In a move that could inspire other jurisdictions, according to BrazilPortal, Brazilian President Dilma Rousseff has signed legislation that stipulates that worker’s who respond (or even just check) emails sent from their place of employment during off hours are entitled to overtime pay. This comes after legislators wrangled with the issue, deciding in the end that when a boss sends an employee an email asking for work to be done, it’s the same as doing so while that employee is at the office, and thus should come along with compensation.
News of the new law has already had an impact in other countries. In Australia, for example, as reported by the Sydney Morning Herald, workers have begun complaining that they too should be paid for such work. This comes, the newspaper reports, on the heels of other events that likely contributed to the decision in Brazil. A worker in Chicago, for example, filed a class action lawsuit against his employer claiming that they refused to pay overtime for responses made to email during off hours. The paper also notes that Volkswagen recently made headlines by announcing that it would stop sending employees any email after hours. And French company Atos announced that it plans to phase out corporate email altogether.

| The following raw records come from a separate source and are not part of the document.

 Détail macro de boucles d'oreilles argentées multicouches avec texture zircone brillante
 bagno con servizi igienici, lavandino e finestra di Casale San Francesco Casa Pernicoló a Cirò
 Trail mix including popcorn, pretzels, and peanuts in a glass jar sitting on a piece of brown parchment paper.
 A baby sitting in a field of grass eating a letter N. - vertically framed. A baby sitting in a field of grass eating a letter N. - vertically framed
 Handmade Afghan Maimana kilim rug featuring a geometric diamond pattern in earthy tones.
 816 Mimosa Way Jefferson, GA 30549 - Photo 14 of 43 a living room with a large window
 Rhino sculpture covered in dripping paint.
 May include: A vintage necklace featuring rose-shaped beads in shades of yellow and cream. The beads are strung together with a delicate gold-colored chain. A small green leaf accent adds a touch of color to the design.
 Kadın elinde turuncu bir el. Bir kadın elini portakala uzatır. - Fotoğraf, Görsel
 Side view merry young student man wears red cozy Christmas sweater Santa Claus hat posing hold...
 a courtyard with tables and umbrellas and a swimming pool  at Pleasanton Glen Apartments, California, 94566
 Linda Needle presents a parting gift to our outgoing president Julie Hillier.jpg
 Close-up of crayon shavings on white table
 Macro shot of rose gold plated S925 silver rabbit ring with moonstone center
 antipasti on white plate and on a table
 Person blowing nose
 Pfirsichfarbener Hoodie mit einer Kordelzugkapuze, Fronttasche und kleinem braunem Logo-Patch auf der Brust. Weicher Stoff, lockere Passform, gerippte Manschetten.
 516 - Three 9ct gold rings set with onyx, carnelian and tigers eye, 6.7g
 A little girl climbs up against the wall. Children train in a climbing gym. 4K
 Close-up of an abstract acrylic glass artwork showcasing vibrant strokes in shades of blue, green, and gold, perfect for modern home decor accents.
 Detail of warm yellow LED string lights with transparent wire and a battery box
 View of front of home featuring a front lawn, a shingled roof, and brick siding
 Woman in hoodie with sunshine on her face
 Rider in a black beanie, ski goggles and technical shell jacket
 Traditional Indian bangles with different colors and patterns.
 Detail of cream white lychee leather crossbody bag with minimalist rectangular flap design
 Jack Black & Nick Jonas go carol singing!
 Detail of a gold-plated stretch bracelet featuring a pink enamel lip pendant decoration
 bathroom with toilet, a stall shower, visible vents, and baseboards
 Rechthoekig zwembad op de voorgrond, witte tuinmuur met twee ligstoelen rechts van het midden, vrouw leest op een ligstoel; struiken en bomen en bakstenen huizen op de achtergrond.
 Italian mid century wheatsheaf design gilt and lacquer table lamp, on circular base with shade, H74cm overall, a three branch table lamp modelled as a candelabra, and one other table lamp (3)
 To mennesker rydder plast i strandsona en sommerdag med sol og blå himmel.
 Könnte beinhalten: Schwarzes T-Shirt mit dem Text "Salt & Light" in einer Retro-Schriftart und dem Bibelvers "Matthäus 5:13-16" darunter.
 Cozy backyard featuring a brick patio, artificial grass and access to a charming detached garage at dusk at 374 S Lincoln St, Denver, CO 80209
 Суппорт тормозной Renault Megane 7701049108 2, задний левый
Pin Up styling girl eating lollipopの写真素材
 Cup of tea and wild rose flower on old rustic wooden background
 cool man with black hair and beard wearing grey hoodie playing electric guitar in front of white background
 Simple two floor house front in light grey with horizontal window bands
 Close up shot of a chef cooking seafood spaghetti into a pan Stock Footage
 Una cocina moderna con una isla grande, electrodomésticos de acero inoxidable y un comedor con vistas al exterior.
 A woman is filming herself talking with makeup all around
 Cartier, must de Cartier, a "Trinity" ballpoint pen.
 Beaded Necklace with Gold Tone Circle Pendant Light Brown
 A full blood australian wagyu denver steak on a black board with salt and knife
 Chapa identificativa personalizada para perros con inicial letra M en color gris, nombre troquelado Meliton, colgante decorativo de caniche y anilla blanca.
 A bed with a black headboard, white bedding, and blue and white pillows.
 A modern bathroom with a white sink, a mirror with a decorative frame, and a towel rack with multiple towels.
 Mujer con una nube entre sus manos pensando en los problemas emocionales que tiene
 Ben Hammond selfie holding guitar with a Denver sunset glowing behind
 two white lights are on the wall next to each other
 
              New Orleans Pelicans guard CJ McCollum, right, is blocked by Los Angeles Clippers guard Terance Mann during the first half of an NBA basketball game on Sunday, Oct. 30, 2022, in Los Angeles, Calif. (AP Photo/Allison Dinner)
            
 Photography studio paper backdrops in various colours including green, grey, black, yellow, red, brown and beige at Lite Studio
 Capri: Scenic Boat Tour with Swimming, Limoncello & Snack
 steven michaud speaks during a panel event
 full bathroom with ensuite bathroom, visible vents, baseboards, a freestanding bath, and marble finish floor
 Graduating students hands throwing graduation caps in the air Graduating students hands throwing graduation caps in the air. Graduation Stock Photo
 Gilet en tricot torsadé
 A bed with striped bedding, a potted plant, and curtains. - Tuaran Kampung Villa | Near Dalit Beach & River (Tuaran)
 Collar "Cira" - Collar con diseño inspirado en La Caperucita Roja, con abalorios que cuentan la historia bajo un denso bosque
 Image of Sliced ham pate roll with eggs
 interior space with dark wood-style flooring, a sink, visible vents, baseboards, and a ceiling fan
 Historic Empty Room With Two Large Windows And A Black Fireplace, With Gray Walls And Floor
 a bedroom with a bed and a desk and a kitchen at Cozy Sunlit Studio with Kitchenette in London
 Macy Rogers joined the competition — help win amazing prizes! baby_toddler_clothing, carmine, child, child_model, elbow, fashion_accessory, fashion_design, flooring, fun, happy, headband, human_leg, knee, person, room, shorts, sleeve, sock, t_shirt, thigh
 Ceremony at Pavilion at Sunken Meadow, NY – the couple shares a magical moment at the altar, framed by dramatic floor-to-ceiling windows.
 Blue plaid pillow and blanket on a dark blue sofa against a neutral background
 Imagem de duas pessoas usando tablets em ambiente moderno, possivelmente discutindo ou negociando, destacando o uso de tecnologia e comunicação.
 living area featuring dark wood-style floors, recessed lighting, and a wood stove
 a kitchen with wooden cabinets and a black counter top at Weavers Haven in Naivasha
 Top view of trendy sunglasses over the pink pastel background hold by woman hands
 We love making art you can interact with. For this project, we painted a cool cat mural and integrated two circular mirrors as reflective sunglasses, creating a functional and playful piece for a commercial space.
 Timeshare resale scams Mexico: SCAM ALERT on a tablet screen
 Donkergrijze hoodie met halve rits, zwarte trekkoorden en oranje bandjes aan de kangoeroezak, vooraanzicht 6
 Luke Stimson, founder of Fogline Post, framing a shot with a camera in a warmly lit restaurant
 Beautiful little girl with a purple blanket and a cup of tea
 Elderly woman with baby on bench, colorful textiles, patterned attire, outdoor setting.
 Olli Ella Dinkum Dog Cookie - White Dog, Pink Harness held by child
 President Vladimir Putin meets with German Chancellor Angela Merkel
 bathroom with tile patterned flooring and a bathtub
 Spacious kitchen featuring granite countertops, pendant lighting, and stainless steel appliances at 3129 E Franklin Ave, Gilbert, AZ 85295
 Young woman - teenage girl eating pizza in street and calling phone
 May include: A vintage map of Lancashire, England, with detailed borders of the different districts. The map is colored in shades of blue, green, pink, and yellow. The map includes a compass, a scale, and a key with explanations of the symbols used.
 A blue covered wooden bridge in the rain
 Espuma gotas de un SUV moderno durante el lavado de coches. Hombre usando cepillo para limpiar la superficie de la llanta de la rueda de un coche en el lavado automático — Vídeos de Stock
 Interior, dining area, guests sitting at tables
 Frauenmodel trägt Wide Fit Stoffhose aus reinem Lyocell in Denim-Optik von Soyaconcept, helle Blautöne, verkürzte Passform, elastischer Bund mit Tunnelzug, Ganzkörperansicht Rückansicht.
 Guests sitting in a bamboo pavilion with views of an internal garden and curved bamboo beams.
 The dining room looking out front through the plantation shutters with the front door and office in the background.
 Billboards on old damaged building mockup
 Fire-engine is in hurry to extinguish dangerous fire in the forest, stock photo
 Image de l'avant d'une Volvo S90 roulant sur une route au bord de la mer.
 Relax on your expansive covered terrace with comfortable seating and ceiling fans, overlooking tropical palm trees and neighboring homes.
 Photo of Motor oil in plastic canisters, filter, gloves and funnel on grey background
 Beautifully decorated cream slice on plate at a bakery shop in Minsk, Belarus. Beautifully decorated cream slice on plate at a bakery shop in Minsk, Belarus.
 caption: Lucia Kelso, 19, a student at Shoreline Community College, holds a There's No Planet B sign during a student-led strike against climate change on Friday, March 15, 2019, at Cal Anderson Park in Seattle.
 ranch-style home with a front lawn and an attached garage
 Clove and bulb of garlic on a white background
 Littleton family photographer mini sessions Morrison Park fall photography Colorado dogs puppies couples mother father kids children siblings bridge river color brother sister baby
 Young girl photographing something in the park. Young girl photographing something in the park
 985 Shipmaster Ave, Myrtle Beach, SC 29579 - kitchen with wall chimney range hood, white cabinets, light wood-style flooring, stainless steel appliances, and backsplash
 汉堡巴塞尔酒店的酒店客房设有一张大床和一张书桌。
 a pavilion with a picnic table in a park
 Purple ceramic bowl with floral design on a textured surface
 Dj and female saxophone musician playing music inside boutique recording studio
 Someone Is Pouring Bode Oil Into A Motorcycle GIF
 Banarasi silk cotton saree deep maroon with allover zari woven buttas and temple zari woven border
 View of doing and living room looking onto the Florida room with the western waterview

As all of these examples point out, there is a rising censuses among workers of the world that corporations have been using a loop-hole to get more out of employees without having to pay them for their efforts. It’s also likely to bring to the forefront issues related to email messaging that occurs when employees are on vacation, which sometimes leads to dial-in meetings. Such issues are likely to be much more difficult to iron out however as most such employees are salaried, rather than hourly, which means, employers can claim that such work is simply part of their job, for which they are compensated as part of their normal salary. Making such claims even more difficult is the fact that very few white collar workers are unionized, which makes banding together to air grievances all the more difficult. When combined with a general fear of losing a job due to a tough economy, most will be more apt to keep silent and just accept it as part of their job.
Because Brazil has taken the step of forcing companies to pay overtime for email, it’s likely that this issue is one that will only grow louder, as more and more employees decide that being forced to read and respond to email during off hours, truly is work, and they ought to get paid for that, or not be sent such messages in the first place.